Приближался левый берег. Он был в тени и казался хмурым и неприветливым. Сложили здесь последнюю пирамиду и захваченной из лагеря краской начертили на камне огромную стрелу, свои имена и число.
Теперь ледник был провешен. Через несколько дней мы должны были измерить, на какое расстояние отодвинулись от прямой каменные вехи.
Мы быстро пошли обратно к лагерю и очень скоро сбились со своего старого пути. Это нас не особенно беспокоило: прямой путь на леднике не всегда самый короткий. Спускаясь с одного моренного конуса, Валентин заметил гигантское отверстие ледникового грота. Многометровые сосульки ледяной занавеской спускались над входом.
Грот образовался от совместной работы воды и ветра. Он превосходил по своим размерам все, что я видел до сих пор на ледниках Тянь-Шаня.
Мы вошли под сумрачные и холодные своды. Стены грота были покрыты огромными полукруглыми затесами, словно следами резца какого-то исполинского ваятеля. Свет причудливо отражался в черных вогнутых зеркалах.
— Осторожнее, не поскользнись! — воскликнул Гусев, когда я пошел в глубь ледяного дворца.
Он схватил камень и бросил его в темноту.
Величественные звуки понеслись нам навстречу. Как будто на каком-то необычайном инструменте быстро сыграли мажорную гамму.
Потрясенные, мы молчали несколько секунд. Потом один за другим стали подбирать камни и бросать их в темноту. Удивительная музыка гремела, сотрясая воздух.
— Сюда бы Акимхана! — крикнул Гусев. — Ведь это сам Шайтан!
Глаза наши привыкли к темноте. Осторожно ступая, мы подобрались теперь к тому месту, где грот круто уходил вниз.
Длина этой наклонной трубы достигала по меньшей мере 60 метров. Внизу была вода. Это мы узнали, бросив камень так, что он долетел до воды, не коснувшись стен. Ледяная шахта служила гигантским рупором и усиливала все звуки во много раз: падение камня звучало как обвал.
Долго мы любовались красотой этого удивительного сооружения природы. Полные впечатлений, мы, наконец, вышли на ледник и направились к лагерю.
Нас ждали. Одна палатка была свернута. Шли деятельные приготовления к дороге. Я удержал Валентина за рукав.
— Неужели ты не пойдешь с нами?
Гусев посмотрел себе под ноги, ударил по льду штычком ледоруба.
— А что же я могу сделать по-твоему? — спросил он меня в упор. — Мучиться потом, что не снята карта ледника — основная цель нашей экспедиции? Оставить на леднике одного Загрубского?
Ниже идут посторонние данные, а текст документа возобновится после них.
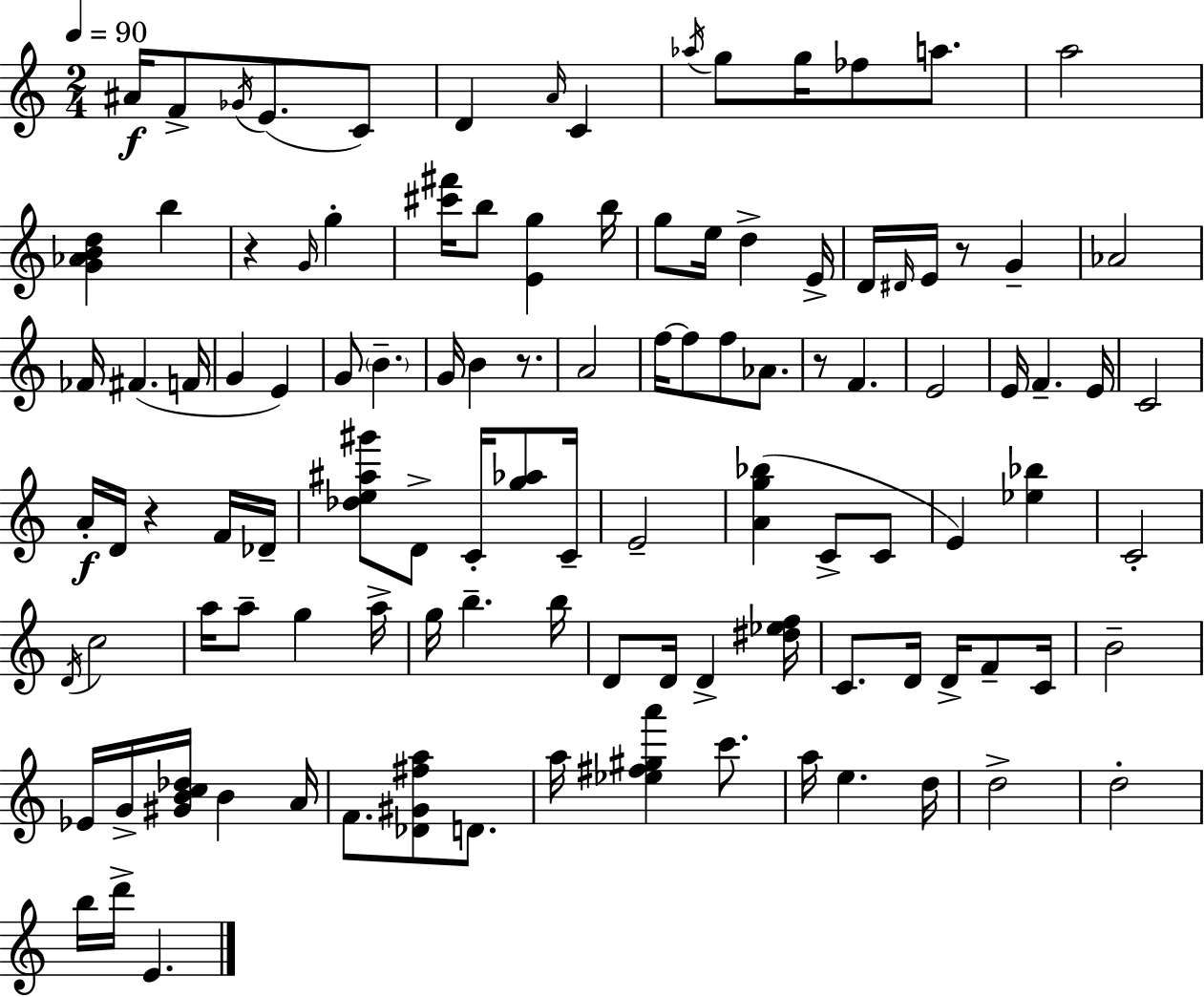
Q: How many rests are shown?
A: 5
— На что же ты раньше рассчитывал? — спросил я. — Не понимаешь что ли, как будет без тебя трудно.
— Кто мог предвидеть эту историю с носильщиками…
— Три года! — сказал я с отчаянием. — И отказаться от восхождения, когда, наконец, мы добрались до этой проклятой вершины.
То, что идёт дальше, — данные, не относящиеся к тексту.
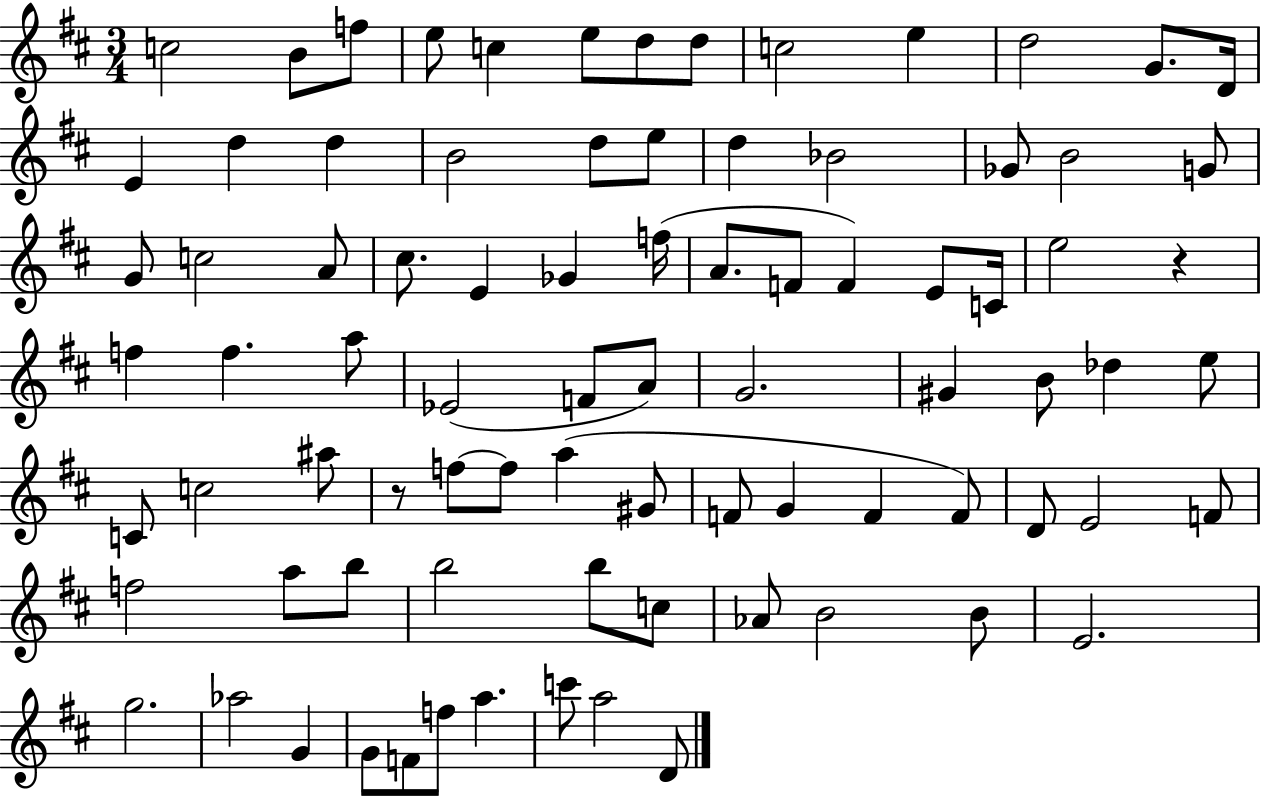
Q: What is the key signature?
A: D major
Валентин молча смотрел вверх по леднику.
Вот сейчас, когда я пишу эти строки, мне стоит только закрыть глаза, и снова отчетливо возникает сверкающая белизна хан-тенгринского хребта, его гигантские горы, могучий строй великанов-шеститысячников. От подножия и до вершин — холодный блеск снега и льда. И только в самом конце этой шеренги великанов самый гигантский, самый могучий — мраморный пик Хан-Тенгри.
Как зачарованный, смотрел Гусев на эту картину.
— Нет, догнать вас не удастся, — сказал он, отвечая собственным мыслям, и передернул плечами, словно стряхивая с себя оцепенение.
— Сегодня же во что бы то ни стало оторваться от топографов подальше, — решил Сухорецкий.
Поэтому, увидав, что мы возвращаемся с ледника, он приказал готовиться к выступлению.
Несмотря на сильную усталость, я принялся укладывать свой мешок.
На солнце набежали облака. С запада появились тяжелые тучи, пошел мелкий снежок. Мы натянули штормовые куртки, взвалили на спины тяжелые рюкзаки. Сухорецкий в последний раз условился с Гусевым и Загрубским о маршруте и встрече на леднике.
— Если надо будет — действуй как начальник спасательного отряда, — сказал он Валентину.
Все старались держаться как можно бодрее, словно ничего не случилось.
— Ну, ни пера вам, ни пуха! — говорил Николай Николаевич. — От всей души желаю удачи… Будьте только поосторожнее…
Он долго тряс мою руку, потом вдруг сказал:
— А ну, почеломкаемся напоследок! — и заключил каждого из нас в свои широкие объятия.
Я подошел к Гусеву.
— Ну, прощай, — сказал я, — следи за вершиной. Может, увидишь нас на макушке.